Il Perugia l’ha perso quando Rossi era nel momento migliore…
«Aveva fatto 13 gol in 28 partite più uno in 4 gare di Coppa Uefa. Peccato, fosse rimasto ancora con noi avremmo potuto ripetere lo straordinario campionato del 1978-79, quando abbiamo chiuso imbattuti e al secondo posto in classifica (dietro al Milan, ndr). Con quel Perugia eravamo sempre molto competitivi, con Paolo lo eravamo ancor di più».

Le scommesse.
«Ma lui non c’entrava niente, figuriamoci. Un attaccante come può combinare un risultato? A Paolo importava soltanto segnare. Ma anche altri erano rimasti ai margini di quella brutta storia».

Che giocatore era Paolo Rossi?
«Quello che tutta l’Italia ha imparato a conoscere: non un fisico eccezionale, veloce, rapido di gambe e di testa. Aveva un tiro secco, preciso, anche se non esplosivo. In area, non si sa come, le palle finivano sempre a lui, non certo al difensore Frosio. E’ stata una fortuna ed un piacere giocare con lui anche se soltanto per un campionato, i nostri rapporti erano molto buoni».

E fuori dal campo?
«Un tipo tranquillo, che non si era montato la testa, nonostante fosse un emergente del nostro calcio e fosse stato sul punto di andare alla Juventus. Sa la cosa che ci aveva stupito di più?».

No, quale?
«Lui aveva lo sponsor personale che non coincideva con quello della squadra e per questo andava in campo con una maglietta diversa dagli altri, da noi giocatori... normali. Erano 5 centimetri quadrati di scritta, non certo paragonabile adesso, qualcosa di illeggibile dalla tribuna. Lo stesso accadeva sulle tute e sul resto. Gli sponsor erano una svolta, era caduto un tabù del calcio italiano».

Vi guardava dall’alto in basso, lui che non era certo un gigante?
« Assolutamente no. Anche se già discretamente famoso, Paolo era una persona alla mano. E poi averlo al Perugia era stato un vantaggio anche per un altro motivo…».

Cioè?
«Quando andavamo a fare le partitelle di allenamento del giovedì, gli avversari pagavano qualcosa alla società per vedere Pablito in campo.
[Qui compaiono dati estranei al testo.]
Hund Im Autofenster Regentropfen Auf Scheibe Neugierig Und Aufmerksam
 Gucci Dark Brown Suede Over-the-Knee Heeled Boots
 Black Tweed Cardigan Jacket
Era un’attrazione, ma per noi si trattava di un privilegio e anche di un motivo di orgoglio averlo come compagno di squadra».

Vizi?
«Si fumava qualche sigaretta. Come tanti di noi, me compreso…».

Ricorda qualcuno dei suoi gol?
«Devo essere sincero, nessuno in particolare. Figuriamoci ho cancellato anche i miei, che pure sono stati pochissimi… Ma lo stile era quello, unico, quasi inimitabile: rapina in area e via. Soltanto contro il Brasile ha segnato con un tiro da fuori area».

A proposito: sorpreso di vederlo grande protagonista nell’82?
«Sono sincero: un po’ sì, perché prima del Mondiale aveva giocato poco a causa della squalifica, fisicamente non era ancora a posto. Poi…».

Poi?
«È successo l’imprevisto che rende così bello il calcio: ha cominciato subito a segnare e quando un attaccate ritrova il gol si trasforma in pochissimo tempo. Figuriamoci lui che con quel fisico entrava in forma prima degli altri anche se aveva i problemi alle ginocchia che a volte lo frenavano. Ma vorrei dire che i meriti di quel Mondiale non sono soltanto di Pablito».

Bearzot?
«Certo, il c.t. è stato bravissimo a insistere su un giocatore che pure aveva qualche incognita dal punto di vista fisico. Magari un altro allenatore l’avrebbe aspettato, facendo giocare Altobelli in coppia con Graziani».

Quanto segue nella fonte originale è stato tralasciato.